Now that default has been averted and the agreement to raise the federal debt limit has been signed into law, attention here in Oklahoma has shifted, at least temporarily, from politics back to the weather (or, from the debt ceiling to the sweat ceiling). Although the full implications of the agreement will not be understood for months, or years, it is clear that the deal to lower the deficit will have far-reaching consequences for federal and state budgets and the economy. For those looking for concise analysis of the agreement’s fiscal and economic implications, here are a few pieces worth reading:
- Good short summaries of the basic mechanics of the deal are provided by this White House fact sheet and by the Center for American Progress; the full bill and accompanying materials can be found here.
- In a statement by Robert Greenstein, the Center on Budget and Policy Priorities argues that “the deal places the nation on a disturbing policy course and sets what may become important precedents that are cause for serious concern.” The Center is especially worried that the deficit reduction framework set up by the agreement paves the way for cuts of “an unprecedented depth” to discretionary spending programs and makes a balanced approach that includes additional revenues an unlikely outcome.
- Lawrence Mishel, President of the Economic Policy Institute, criticizes the agreement for prioritizing deficit reduction at the expense of job creation, arguing that “the spending caps do not allow the budget to meet our nation’s basic needs for public investment, regulation and other domestic needs.” Deep spending cuts beginning in 2013 could kick in at a time when unemployment is expected to remain between 8 and 9 percent.
- While progressives are generally critical of the agreement, Talking Points Memo’s Brian Beutler points out four “silver linings”, in addition to four major problems, with the debt deal. Beutler praises the agreement for backloading the spending cuts past next year, thus giving the economic recovery more time to take hold; putting defense spending and Medicare providers on the line for automatic cuts while protecting Social Security, Medicaid, and programs for the poor if the Joint Select Committee on Deficit Reduction gridlocks or Congress fails to pass its recommendations; and establishing a process that could favor the expiration of the Bush tax cuts at the end of 2012.
- From the right, Ed Feulner, President of the Heritage Foundation, strongly criticizes the agreement for relying too heavily on cuts to defense spending; leaving the door too far open to tax increases, and missing the opportunity to advance the cause of a constitutional Balanced Budget Amendment. Meanwhile, the Cato Institute’s Michael Tanner and Bruce Edwards challenge whether the reductions in discretionary spending will end up amounting to real cuts and question whether any real entitlement reform will emerge from the work of the Joint Select Committee.
- On the Health Affairs blog, Joseph Antos looks at what the agreement might mean for Medicare and other health care programs. On the discretionary spending side, Antos warns that public health programs, the National Institutes of Health, the Agency for Health Research and Quality, and others will be under the budget axe – but not until 2013. Meanwhile, Medicare providers, whose payment rates are already being squeezed by the Affordable Care Act and other legislation, are a likely target of cuts under the second round of deficit reduction put in place by the agreement.

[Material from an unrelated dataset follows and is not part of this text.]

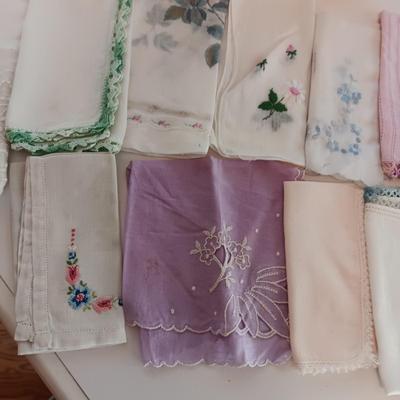 AN ASSORTMENT OF HANKIES AND A HAWKWOOD JAR CANDLE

- In a post on the Off the Charts blog, the Center on Budget and Policy Priorities’ Nick Johnson argues that the debt limit deal will likely hit hard on state budgets. Johnson points out that “the debt limit deal will likely lead to well over half a trillion dollars in cuts in non-security discretionary funding over the next decade”, while noting that fully one-third of non-security discretionary spending flows through state governments in the form of funding for education, health care, human services, law enforcement, infrastructure and other services. In addition, there’s a significant chance that the Joint Select Committee will propose reductions in federal funding for Medicaid – although if their proposal fails and automatic across-the-board cuts kick in instead, Medicaid will be exempted.
- A Stateline article provides a survey of state reactions to the debt agreement – most of which involve uncertainty and anxiety. According to Michigan’s budget director, “We’ve always known that big reductions were coming. Now, it’s just a matter of figuring out where they’re going to come and how quickly.”
The Joint Select Committee has only until November 23rd to issue its proposal for the next $1.2 trillion or more of deficit reduction, and Congress is required to vote on Committee recommendations by December 23rd. Chances are that come winter, we will again have high political drama in Washington to divert us from our next round of extreme Oklahoma weather.